Could you filter the records below and keep only the lines with the word "Dark"?
************
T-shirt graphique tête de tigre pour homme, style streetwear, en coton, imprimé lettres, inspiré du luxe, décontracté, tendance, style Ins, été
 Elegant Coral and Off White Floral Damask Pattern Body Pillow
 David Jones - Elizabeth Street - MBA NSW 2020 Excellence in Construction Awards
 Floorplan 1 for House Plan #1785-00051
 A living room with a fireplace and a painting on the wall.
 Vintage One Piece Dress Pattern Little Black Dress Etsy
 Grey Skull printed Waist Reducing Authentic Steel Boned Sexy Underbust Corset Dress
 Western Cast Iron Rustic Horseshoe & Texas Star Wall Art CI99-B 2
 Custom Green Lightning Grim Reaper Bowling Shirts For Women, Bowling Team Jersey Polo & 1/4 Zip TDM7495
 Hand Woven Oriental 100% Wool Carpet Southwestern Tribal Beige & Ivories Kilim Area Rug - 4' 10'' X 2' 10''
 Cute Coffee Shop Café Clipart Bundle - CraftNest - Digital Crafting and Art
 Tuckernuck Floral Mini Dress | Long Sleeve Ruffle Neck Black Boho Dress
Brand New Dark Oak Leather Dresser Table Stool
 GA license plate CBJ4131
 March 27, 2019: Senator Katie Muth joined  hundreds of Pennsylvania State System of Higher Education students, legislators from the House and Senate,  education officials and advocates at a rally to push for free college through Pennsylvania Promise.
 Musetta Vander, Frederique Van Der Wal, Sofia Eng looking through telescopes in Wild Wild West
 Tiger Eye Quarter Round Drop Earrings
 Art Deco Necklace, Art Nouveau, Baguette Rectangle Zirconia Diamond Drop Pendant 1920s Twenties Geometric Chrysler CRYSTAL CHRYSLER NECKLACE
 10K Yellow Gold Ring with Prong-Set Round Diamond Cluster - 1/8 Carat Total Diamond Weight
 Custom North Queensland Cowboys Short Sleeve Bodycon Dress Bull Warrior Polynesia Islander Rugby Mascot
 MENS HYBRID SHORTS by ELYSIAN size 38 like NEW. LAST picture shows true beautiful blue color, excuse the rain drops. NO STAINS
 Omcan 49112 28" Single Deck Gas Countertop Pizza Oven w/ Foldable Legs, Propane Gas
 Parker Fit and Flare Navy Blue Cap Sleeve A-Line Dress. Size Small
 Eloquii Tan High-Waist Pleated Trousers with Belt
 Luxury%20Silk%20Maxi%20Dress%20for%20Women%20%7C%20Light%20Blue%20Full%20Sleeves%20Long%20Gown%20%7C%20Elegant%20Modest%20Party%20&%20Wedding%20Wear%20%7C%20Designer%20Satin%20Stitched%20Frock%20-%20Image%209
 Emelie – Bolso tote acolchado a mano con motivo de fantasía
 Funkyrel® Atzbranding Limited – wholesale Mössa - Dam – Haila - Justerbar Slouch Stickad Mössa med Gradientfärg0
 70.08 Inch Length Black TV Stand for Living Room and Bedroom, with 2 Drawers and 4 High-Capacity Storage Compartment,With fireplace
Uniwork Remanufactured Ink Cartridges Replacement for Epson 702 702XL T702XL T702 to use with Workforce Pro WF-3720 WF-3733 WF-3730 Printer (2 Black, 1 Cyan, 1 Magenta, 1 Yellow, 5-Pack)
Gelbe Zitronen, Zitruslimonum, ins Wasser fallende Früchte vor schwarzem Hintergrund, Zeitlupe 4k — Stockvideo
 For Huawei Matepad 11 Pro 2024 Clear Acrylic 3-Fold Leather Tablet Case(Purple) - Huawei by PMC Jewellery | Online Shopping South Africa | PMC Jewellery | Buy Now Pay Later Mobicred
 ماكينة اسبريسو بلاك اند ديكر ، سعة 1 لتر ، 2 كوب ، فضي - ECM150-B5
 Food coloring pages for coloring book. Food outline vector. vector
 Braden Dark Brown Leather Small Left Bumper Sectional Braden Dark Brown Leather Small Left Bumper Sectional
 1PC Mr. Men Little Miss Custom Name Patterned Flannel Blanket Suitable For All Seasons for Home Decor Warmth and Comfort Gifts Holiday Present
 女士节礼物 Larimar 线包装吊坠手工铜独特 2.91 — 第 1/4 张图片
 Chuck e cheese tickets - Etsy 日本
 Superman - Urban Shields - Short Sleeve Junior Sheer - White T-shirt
************
ANSWER SECTION.
Brand New Dark Oak Leather Dresser Table Stool
 Braden Dark Brown Leather Small Left Bumper Sectional Braden Dark Brown Leather Small Left Bumper Sectional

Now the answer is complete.